Jacinto era um ser rude, mandão, arrogante e autoritário, dado ao costume de esbofetear seus empregados na panificadora que possuía.

Todos o temiam e a todos, com honrosas exceções, tratava a voz de capitão do mato e mania de delegado do interior, a de bater na cara do sujeito detido para averiguação.

Certo dia, numa das suas performances de janjão, o socador de desafeto, Jacinto deu um sonoro e costumeiro tapa na cara de um subalterno seu, um piauiense magricela, 1.60 metro de altura, 55 quilos, amarelo empambado e boca murcha carecida de dentes. Um típico nordestino comedor de rabo de calango a quem a sorte reservou a sina de viver vida Severina nos sertões da Amazônia.

O tapa recebido pelo pobre homem magoou mais a alma que a matéria! E na calada da subjetividade eclodiu um vendaval de sentimentos rancorosos, incendiando o espírito do sertanejo com fogo de ódio e vingança. Uma voz surda e maledicente decretara naquele instante de dor e ressentimento a pena de morte do maior Valentão da capital do Guaporé, sem que o sentenciado fosse intimado do decisium para oferecer os reclames recursais de praxe.

A Velha e Inevitável Senhora passou, então, a amolar sua lâmina ceifadora de vidas, pacientemente como uma mulher rendeira do sertão em ofício de tecelagem.

Fora só para despistar, todavia, pois o fatídico instrumento que adentrou as carnes fartas de Jacinto Pimentel haveria de ser uma lambedeira de 40 centímetros de bitola, manejada com exímia extravagância pelo fazedor de pão nosso de cada dia, naquele dia fazedor  de cadáver de grande monta.

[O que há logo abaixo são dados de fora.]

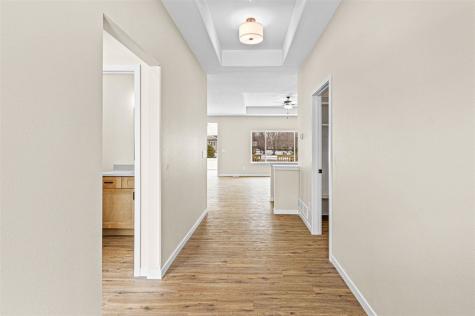 1240 Priscilla Court North Liberty IA 52317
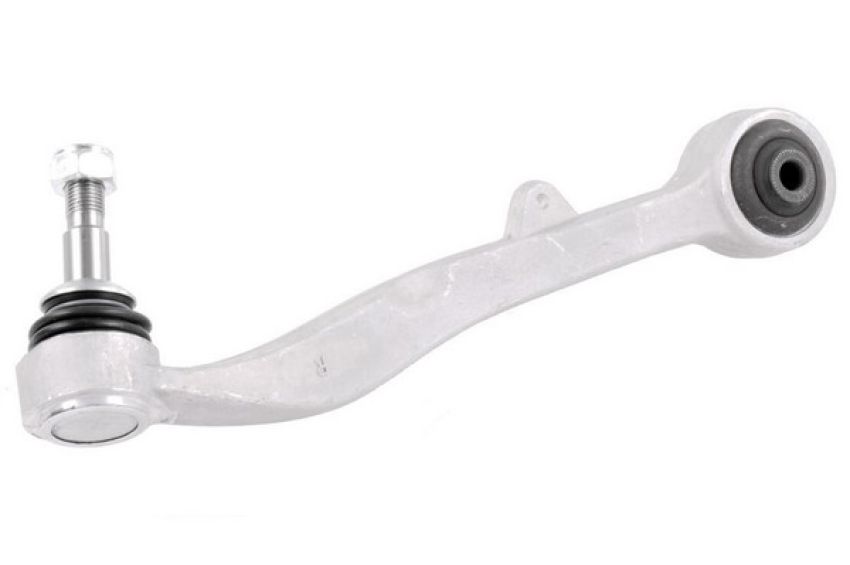 VAICO V20-7170 CONTROL ARM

E assim fez tombar 130 quilos de Jacinto Pimentel rente à frieza do chão batido daquele boteco que costumava frequentar nas imediações do Mercadinho do Quilômetro Um.

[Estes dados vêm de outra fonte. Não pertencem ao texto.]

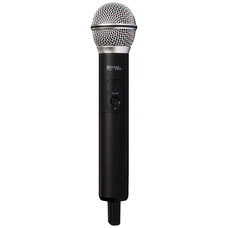 Опционный радиопередатчик db-technologies-trasm-bt-bhm-542-566-mhz Изображение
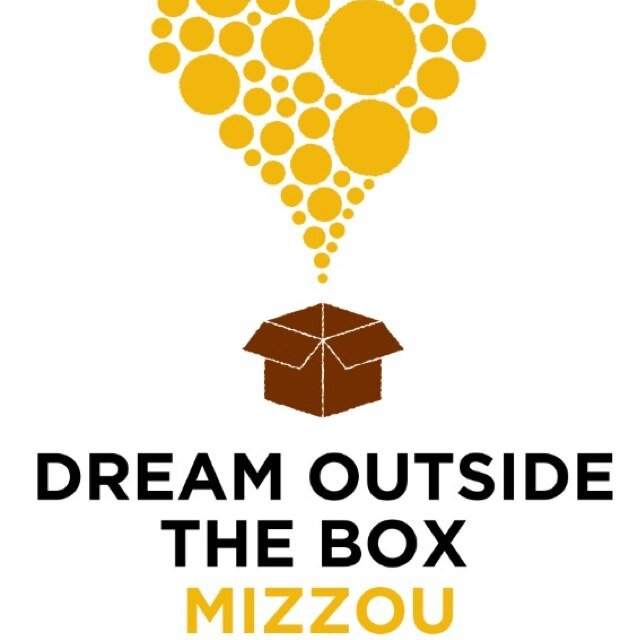 Founding chapter of @dreamoutside. Delivering dreams since 2009 at the University of Missouri.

Antes do seu definitivo encontro com o Barqueiro de Dante Alighieri, Jacinto teve justos 60 segundos para tentar entender o que estava acontecendo e igual tempo para expressar, com olhos esbugalhados de pavor e indignação, sua última ira.

Em relâmpago, fez a retrospectiva a que todos têm direito antes da partida e tomou assento na barcaça rumo à grande travessia.

Como diria Chico Buarque de Hollanda, a cidade apavorada se quedou paralisada pronta pra virar geleia!

Mas já não havia nem Zepellim gigantenem um seu Comandante capaz de fazer o Amarelo Empambado mudar de ideia...

Morria assim Jacinto Pimentel, que se foi pro céu não se sabe. Há quem diga que o ataúde foi conviver com barrabás, lá no quinto dos infernos, em louvor a Satanás!!!

Carrego na lembrança a imagem trágica do corpo de Jacinto Pimentel chegando a sua casa na carroceria de um caminhão de transportar tijolo das olarias. Era um gigante adormecido e ensanguentado, talvez mais temeroso morto que vivo, com as gorduras a mostra, saindo pelas bordas dos sulcos profundos provocados pela meia dúzia de facadas desfechadas em sua barriga protuberante por aquele que se revelou ser o verdadeiro valentão da estória. Mesmo abatido, ele metia medo na gente, pois morrera o homem, mas o mito não morre uma vez só, porque sete vidas ele tem no imaginário do povo que o cultiva.

No ideal de justiça da provinciana Porto Velho de João Barril, o Amarelo Empambado encarnava a figura bíblica de Davi, enquanto Jacinto Pimentel representava o gigante Golias! A dicotomia semeada pelo cristianismo como alicerce de um dogma de fé fundamental, a existência do supremo Bem e da plenitude do Mal, perfaz como iminência parda toda moldura de sonhos e aspirações do imaginário popular e sua sede de justiça!